Scottish Rugby has said players are “free to demonstrate their support” against racism in the “way they see fit” after many were criticised for not taking the knee before their Six Nations win over England.
The sport’s governing body issued a statement after criticism was aimed at the side because only four players made the gesture at Twickenham.
The symbolic action of taking the knee before the start of a sporting encounter has been adopted by the Black Lives Matter movement and has become a show of solidarity and support for the fight against racism.
Scottish Rugby said in a statement: “Scottish Rugby fully supports rugby’s on-going work to end discrimination and racism in our sport.
“This commitment has been expressed with a moment of reflection before every international match since the summer of 2020 and our players are free to demonstrate their support for this important issue in the way they see fit.”

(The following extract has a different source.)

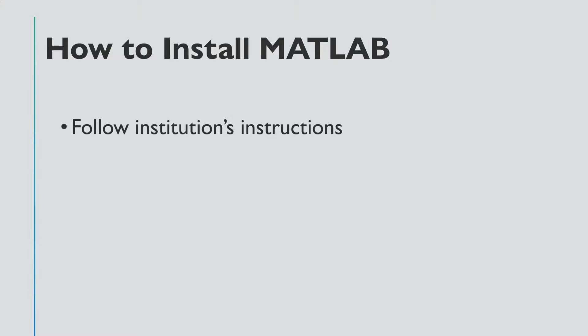If you're coming from an institution and you have a license to use, follow your institution's instructions. They'll likely have already figured out the best way to get you access to MATLAB.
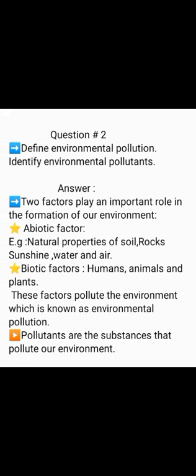Question No. 2: Define Environmental Pollution and identify Environmental Pollutants. Two factors play an important role in the formation of our environment. The first is the abiotic factor, for example natural properties of soil, rocks, sunshine, water, and air. Biotic factors include humans, animals, and plants. These factors pollute the environment, which is known as environmental pollution. Pollutants are the substances that pollute our environment.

Scotland celebrated the 150th anniversary of the oldest rivalry in rugby by stunning England 11-6 on Saturday to claim the Calcutta Cup and their first victory at Twickenham since 1983.
The 38-year wait for success at the home of the reigning Guinness Six Nations champions finally came to an end as Finn Russell inspired the underdogs to victory.
Scotland boss Gregor Townsend said it had been left “100%” to individual members of the team to decide if taking the knee was something they wanted to do.
But he said: “We obviously stand against any racism and discrimination in our sport.”
No players took the knee in the other two Six Nations fixtures played this weekend – Italy v France and Wales v Ireland.